31 En ce qui concerne les autres produits contestés compris dans la classe 9, à savoir les différents éléments de «graphismes informatiques», ceux-ci peuvent être appréciés conjointement avec les autres produits contestés compris dans la classe
16, à savoir les éléments ornementaux de la spécification: «décalcomanies; autocollants; autocollants muraux; décalcomanies et autocollants utilisés comme décalcomanies à domicile; gravures d’art; impressions; lithographies; photographies; affiches; calendriers; stencils; tatouages amovibles; tatouages temporaires; ornements de fêtes en papier; cartes de souhait; livres de couleur».
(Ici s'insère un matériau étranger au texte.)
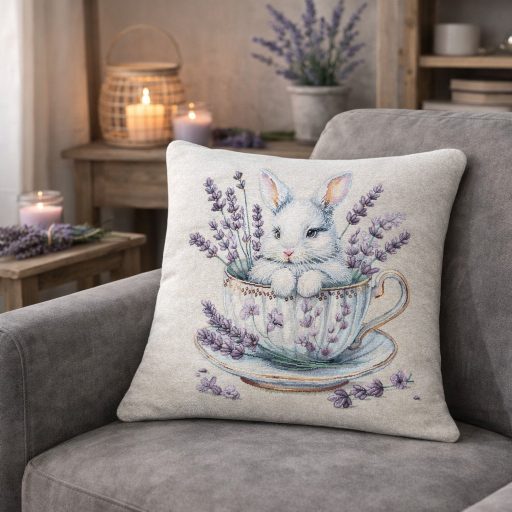 Nyuszi levendulákkal díszpárna huzat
Le folklore englobe également des représentations tangibles des convictions, des légendes et des myths transmis par voie orale. Confronté au signe en rapport avec ces produits, le public anglophone et germanophone supposera immédiatement que l’objet de ces produits est des symboles folkloriques, des ornements ou des motifs (par exemple, croix, animaux mystatiques ou plantes, etc.). Par exemple, les symboles du folklore typiques en Irlande sont composés du col, du harp ou de la cross Celtique. Ces derniers et d’autres symboles et motifs folkloristes, ou des représentations de décors célèbres de légendes ou de témoins folklorques, peuvent faire l’objet des produits contestés. Le signe contesté décrit donc directement leur espèce et leur objet.
Sur les produits relevant des classes 14 et 26
32 Le même raisonnement s’applique aux produits contestés compris dans la classe 14. Par exemple, les symboles folkloristes typiques tels que la croix Celtique ou la Trinity knot sont des thèmes populaires appliqués à la bijouterie. D’autres articles typiques utilisés comme bijoux folkloristiques sont des amulettes, bracelets ou croix traditionnels, tels qu’affichés, par exemple, sur le site Internet suivant (recherche effectuée le 21 septembre 2022):
https://www.bijou-brigitte.com/styles/trends/folklore-schmuck/:
L’macht Folkloreschmuck aus?
Folklore ist eine Mischung aus Traditionen, Überlieferungen, Brauchtum, symbolique und Stilen. Dazu gehört auch traditioneller Schmuck. Jedes
Folklore-Element drückt die Verbundenheit einer Gemeinschaft mit einer bestimmten Kultur aus. Folklore-Schmuck beginnt bei Dirndl-Accessoires mit
Edelweiß und endet bei der Feder als mächtiges Symbol indigener Völker.
Kreuzschmuck zitiert abendländische Folklore, Amulette und Charm-
Armbänder erzählen als traditioneller Schmuck von der Entwicklung morgenländischer Gemeinschaften.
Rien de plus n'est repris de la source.